◆ WHAT TO DO ◆
In your copy of the data, include no pictures and alter nothing else.

◆ GIVEN MATERIAL ◆
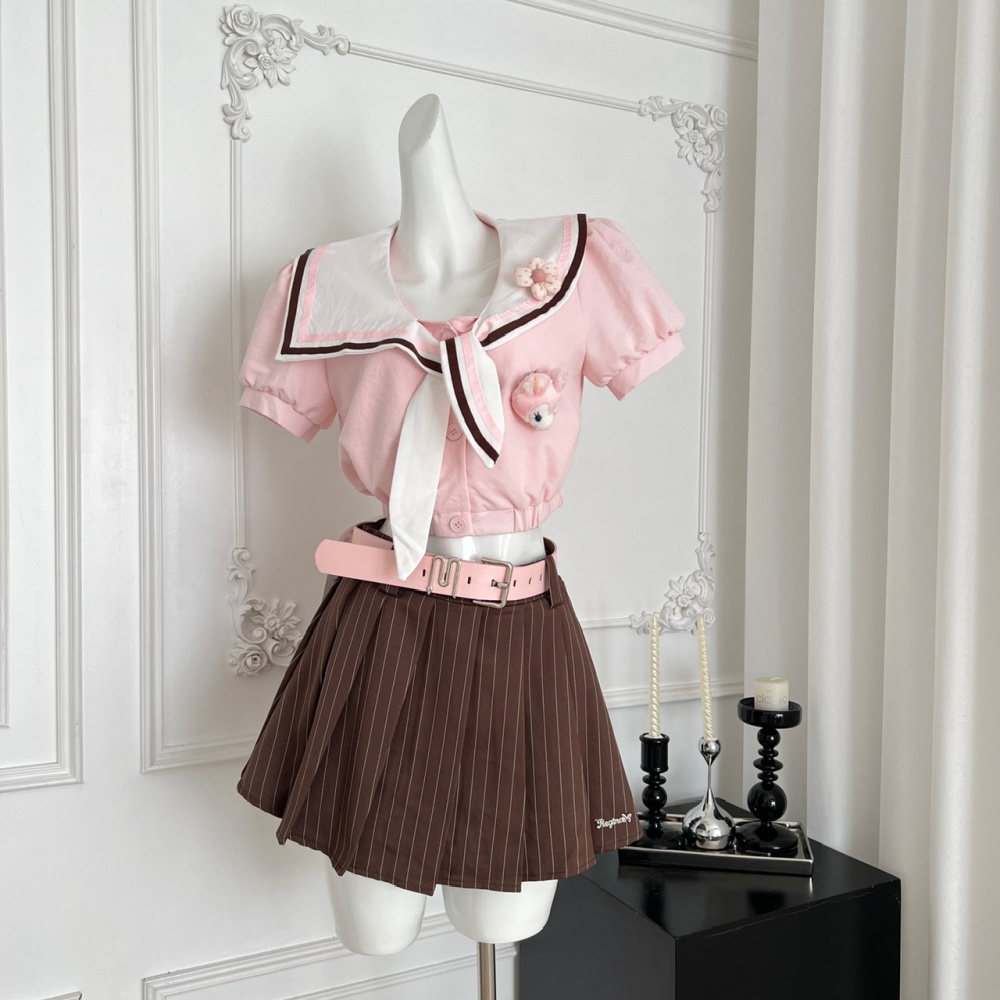 Japanese style slim skirt sweet tops 2pcs set for women
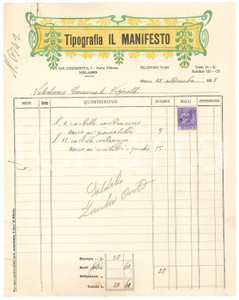 Documento originale, autentico 1938 MILANO Tipografia IL MANIFESTO  Fattura per cartelli CICLISMO Vigorelli 1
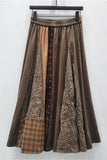 Patchwork Maxi Skirt with Elastic Waistband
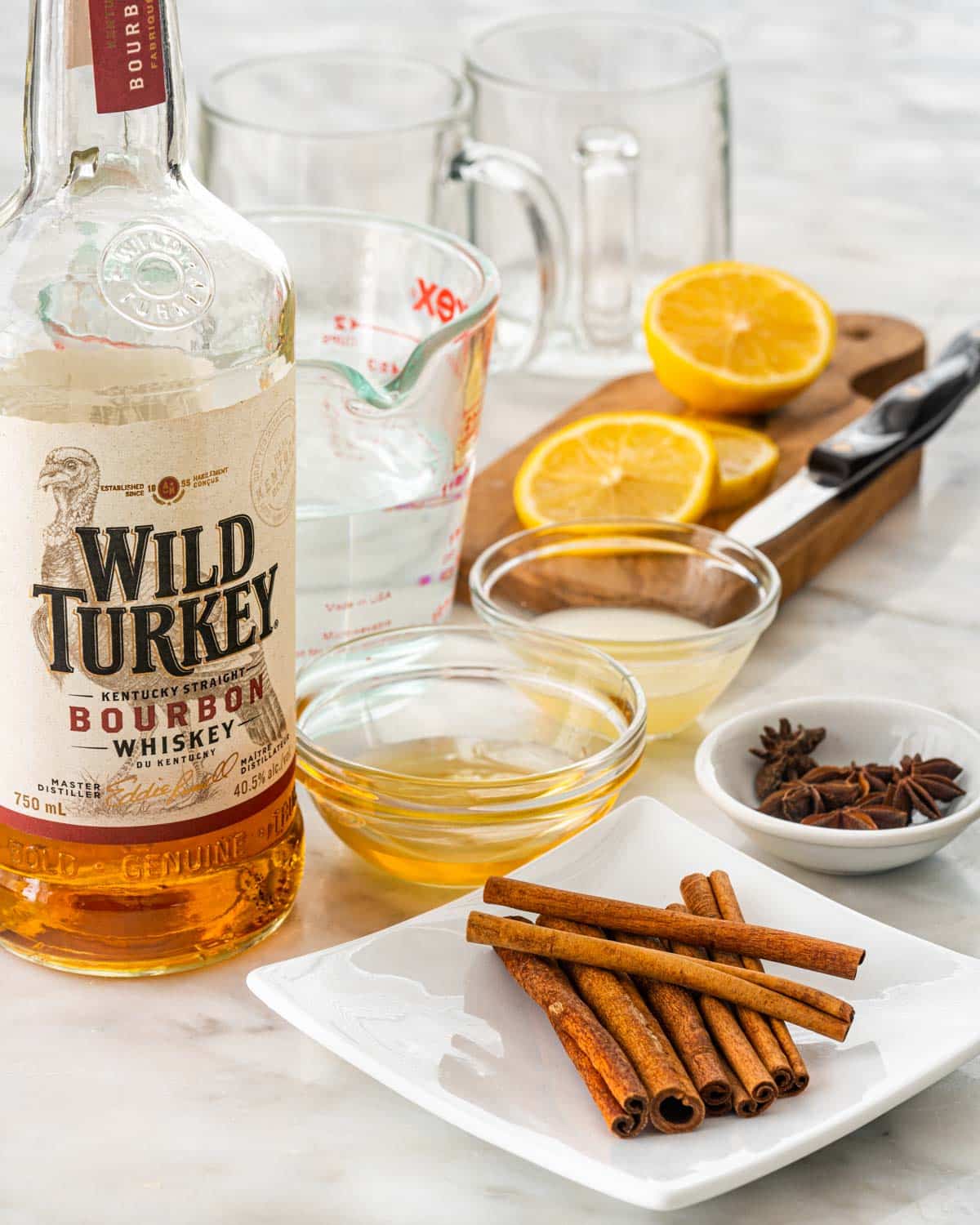 ingredients needed for making a hot toddy.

◆ ANSWER TO THIS EXERCISE ◆
 Japanese style slim skirt sweet tops 2pcs set for women
 Documento originale, autentico 1938 MILANO Tipografia IL MANIFESTO  Fattura per cartelli CICLISMO Vigorelli 1
 Patchwork Maxi Skirt with Elastic Waistband
 ingredients needed for making a hot toddy.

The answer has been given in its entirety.